Posted by Michael Chladil at 01:09 AM | Permalink | Comments (0) | TrackBacks (0)

My first interest in the people scrubber system was tying a person's motion to sound playback. I started off working with a performance using Jimi Hendrix's "Red House." I envisioned walking the song in much the same was that a guitar player might "strut" their way through a guitar solo. I picture "Red House" as a walking blues. The opening lines of the song are
There's a red house over yonder
That's where my baby lives
(or something like that)

In my mind, I saw a lone guitar player climbing up a hill to reach the house. I considered how the walking motion might be used to control the playback of a song. Originally I envisioned that the walking direction would control the direction of playback (forward / backward) and speed.

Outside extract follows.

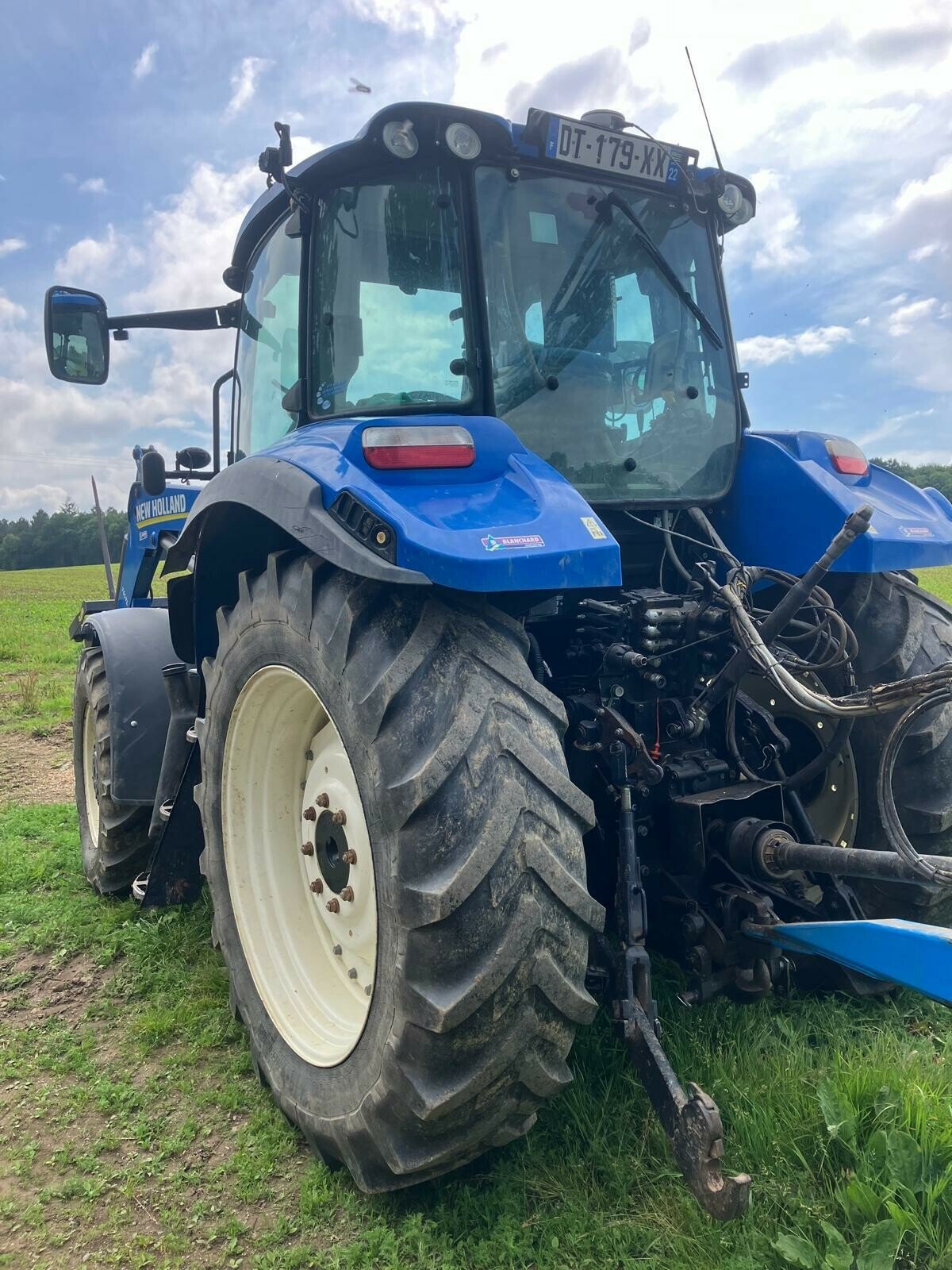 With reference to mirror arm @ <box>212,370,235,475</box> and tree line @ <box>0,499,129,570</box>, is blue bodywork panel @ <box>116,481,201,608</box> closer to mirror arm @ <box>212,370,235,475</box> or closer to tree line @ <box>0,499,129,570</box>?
mirror arm @ <box>212,370,235,475</box>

After building prototypes of the system, I found that the interaction was not as engaging as I had originally hoped. Jamie and several classmates had expressed a desire to see some of the tension in the performance -- a quality which my system doesn't provide affordances for. Since my system is based on a pulley, there is not really any haptic feedback

So much of "modern" music production is done using a "time line" and loops using a tiny control surface. We edit and arrange clips of audio on flat screens using a mouse pointed. I wanted to play a bit with this metaphor and create a performative music creation environment that juxtaposes the loop metaphor with macro body movements.

Posted by Michael Chladil at 01:25 PM | Permalink | Comments (0) | TrackBacks (0)

A few days before Thanksgiving and we're getting close to the end of the semester - in three or four weeks this thing is going to need to be finished. I met with Jamie tonight and he encouraged me to commit to a direction and a presentation format.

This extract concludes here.